2021 Credit Union Resiliency, 2022 Supervisory Priorities

compass needle pointing to 2022
Lisa Hochgraf Photo
Senior Editor

4 minutes

At Directors Conference, NCUA Board Member Rodney Hood took stock in pandemic resiliency and described upcoming areas of regulatory focus.

Chairman of the National Credit Union Board when the pandemic hit, the Honorable Rodney E. Hood took stock last week in the fact that credit unions have fared well during the pandemic. He also offered his thoughts on what’s coming next for them in terms of NCUA’s supervisory priorities.

Credit Unions’ Resiliency Shows in the Data

Having continued as a member of the NCUA board when the Honorable Todd M. Harper became chairman in January, Hood told the more than 500 in-person and remote attendees of Directors Conference that credit unions had done well during the pandemic and that the data bore this out.

“You have been resilient,” he said.

Hood cited statistics from third quarter 2021 call reports that showed that U.S. credit unions are indeed doing well, despite the incredible challenges and uncertainty brought in by the pandemic. For example:

  • Credit unions have grown by 5 million member-owners in the first three quarters of the year.
  • Credit union assets are up $230 billion since the same time last year—and collectively the system has $2 trillion in assets.
  • Credit unions overall have seen a 5.8% increase in lending year over year.

“You all are providing member-owners with the loans that they need to have cars to go to and from work,” Hood said. “You’re providing those entrepreneurs with the loans that they need to create sustainable businesses. You’re providing those homeowners with the sustainable mortgages they need to have shelter for their families. It’s because of your lending efforts. I’m sure it’s because of your resiliency—that’s the reason we’ve been able to see the uptick in the number of credit union-owners coming to the credit union system.”

Examiners’ Priorities in 2022

Hood also described what NCUA regulators will be looking at most closely during credit unions’ 2022 examinations.

Top on his list were cybersecurity and data protection. “Bad actors … want to do us harm,” he said, encouraging attendees to “build a fortress” to keep member and credit union data safe and sound.

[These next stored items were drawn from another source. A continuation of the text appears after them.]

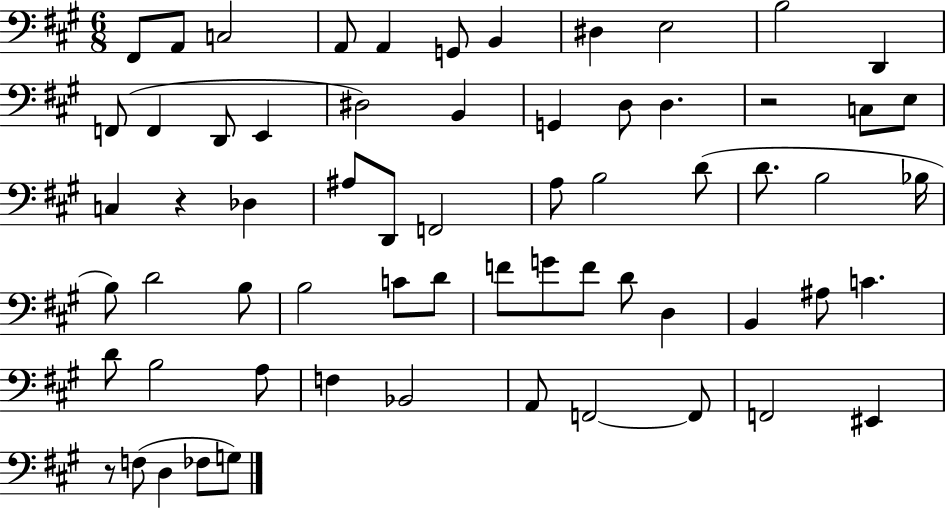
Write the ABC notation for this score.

X:1
T:Untitled
M:6/8
L:1/4
K:A
^F,,/2 A,,/2 C,2 A,,/2 A,, G,,/2 B,, ^D, E,2 B,2 D,, F,,/2 F,, D,,/2 E,, ^D,2 B,, G,, D,/2 D, z2 C,/2 E,/2 C, z _D, ^A,/2 D,,/2 F,,2 A,/2 B,2 D/2 D/2 B,2 _B,/4 B,/2 D2 B,/2 B,2 C/2 D/2 F/2 G/2 F/2 D/2 D, B,, ^A,/2 C D/2 B,2 A,/2 F, _B,,2 A,,/2 F,,2 F,,/2 F,,2 ^E,, z/2 F,/2 D, _F,/2 G,/2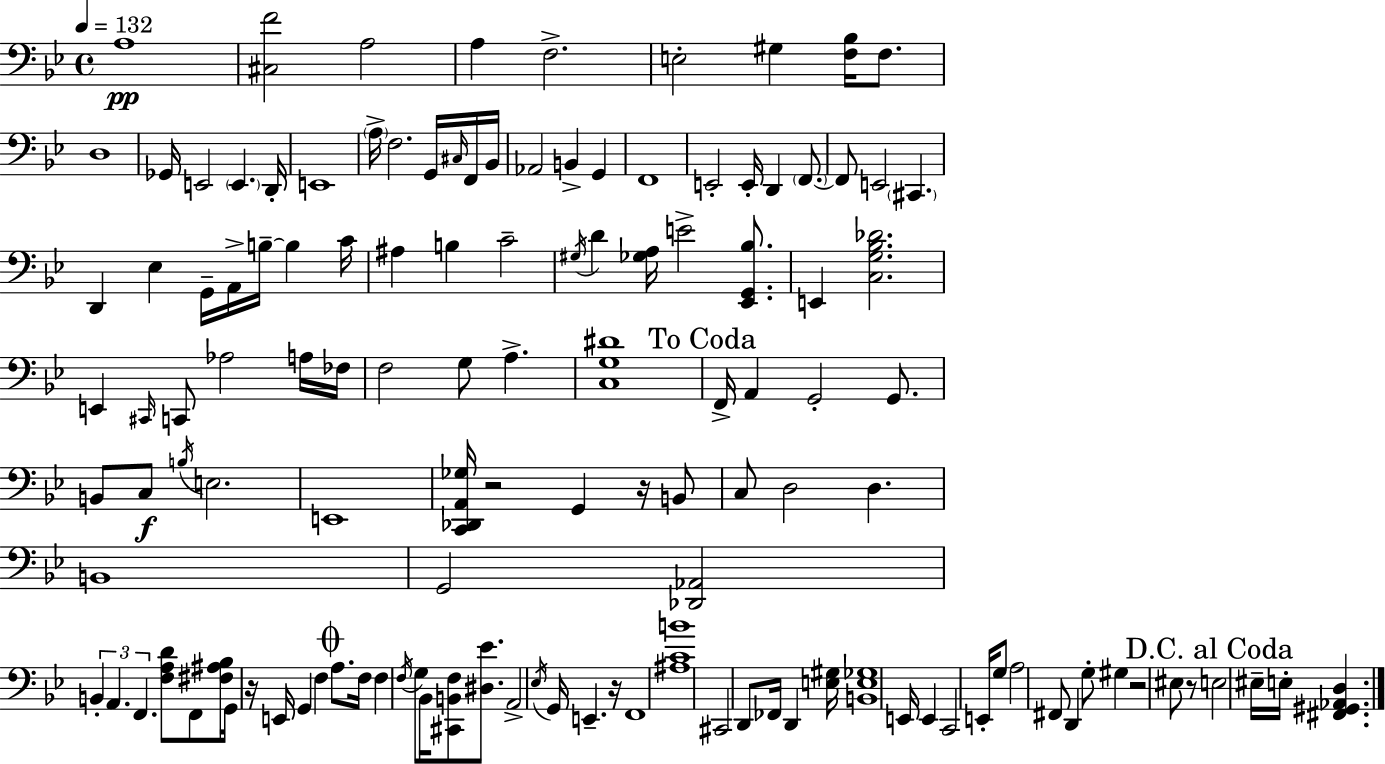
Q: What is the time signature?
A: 4/4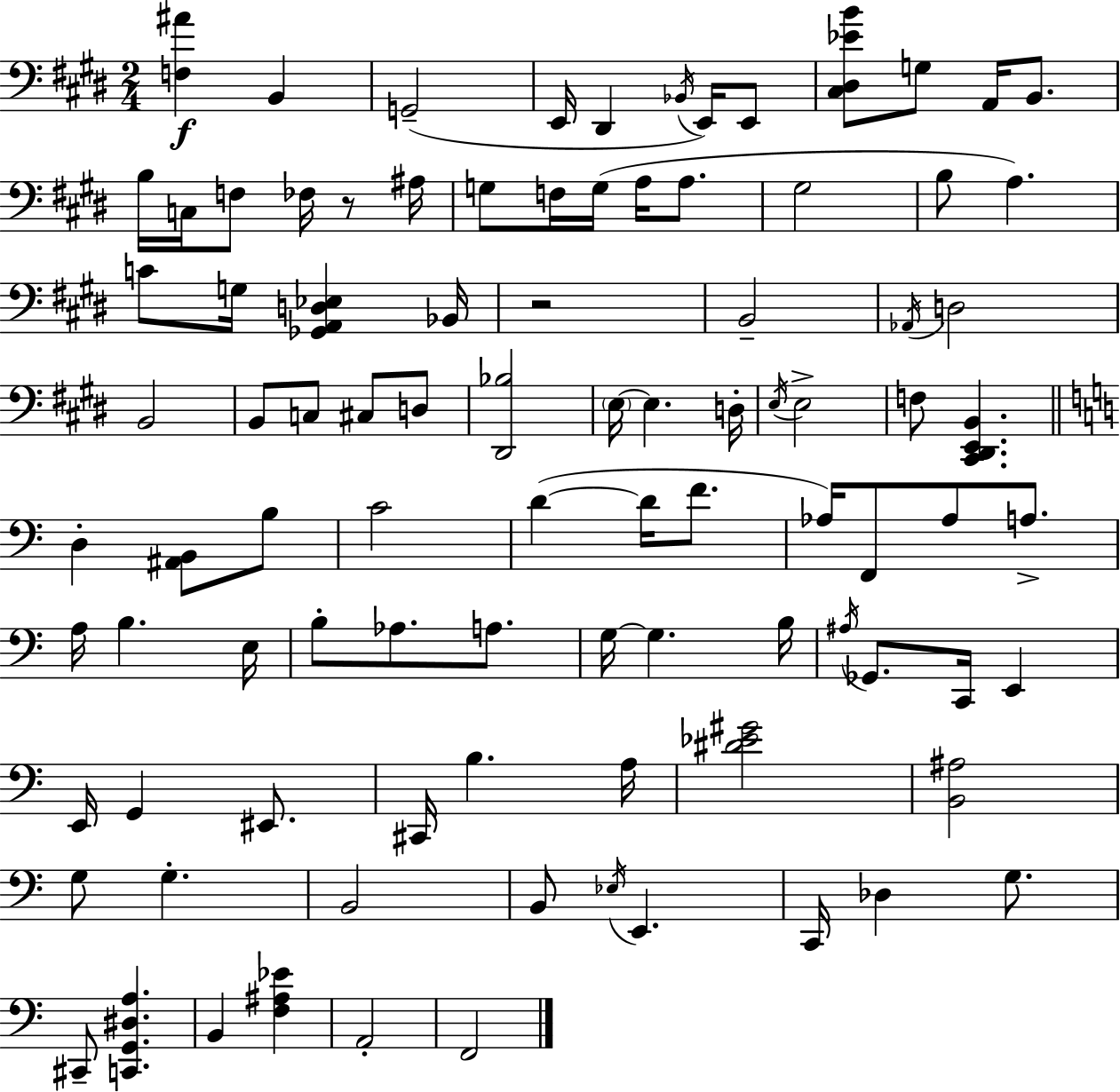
X:1
T:Untitled
M:2/4
L:1/4
K:E
[F,^A] B,, G,,2 E,,/4 ^D,, _B,,/4 E,,/4 E,,/2 [^C,^D,_EB]/2 G,/2 A,,/4 B,,/2 B,/4 C,/4 F,/2 _F,/4 z/2 ^A,/4 G,/2 F,/4 G,/4 A,/4 A,/2 ^G,2 B,/2 A, C/2 G,/4 [_G,,A,,D,_E,] _B,,/4 z2 B,,2 _A,,/4 D,2 B,,2 B,,/2 C,/2 ^C,/2 D,/2 [^D,,_B,]2 E,/4 E, D,/4 E,/4 E,2 F,/2 [^C,,^D,,E,,B,,] D, [^A,,B,,]/2 B,/2 C2 D D/4 F/2 _A,/4 F,,/2 _A,/2 A,/2 A,/4 B, E,/4 B,/2 _A,/2 A,/2 G,/4 G, B,/4 ^A,/4 _G,,/2 C,,/4 E,, E,,/4 G,, ^E,,/2 ^C,,/4 B, A,/4 [^D_E^G]2 [B,,^A,]2 G,/2 G, B,,2 B,,/2 _E,/4 E,, C,,/4 _D, G,/2 ^C,,/2 [C,,G,,^D,A,] B,, [F,^A,_E] A,,2 F,,2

He highlighted NCUA’s cybersecurity resources for credit unions.

Next up on NCUA’s examination priorities in Hood’s view is for NCUA to work with credit unions to implement the new current expected credit loss model. Hood said that although the new accounting standard makes a lot of sense for larger banks, he fought against it being a requirement for credit unions—and is glad that credit unions with $10 million in assets or more are exempt.

NCUA hopes to help smooth this transition for affected credit unions, Hood said, by allowing them to bring CECL online over three years rather than one. “We will be working with all of you to help you navigate and mitigate this current expected credit loss model,” he said.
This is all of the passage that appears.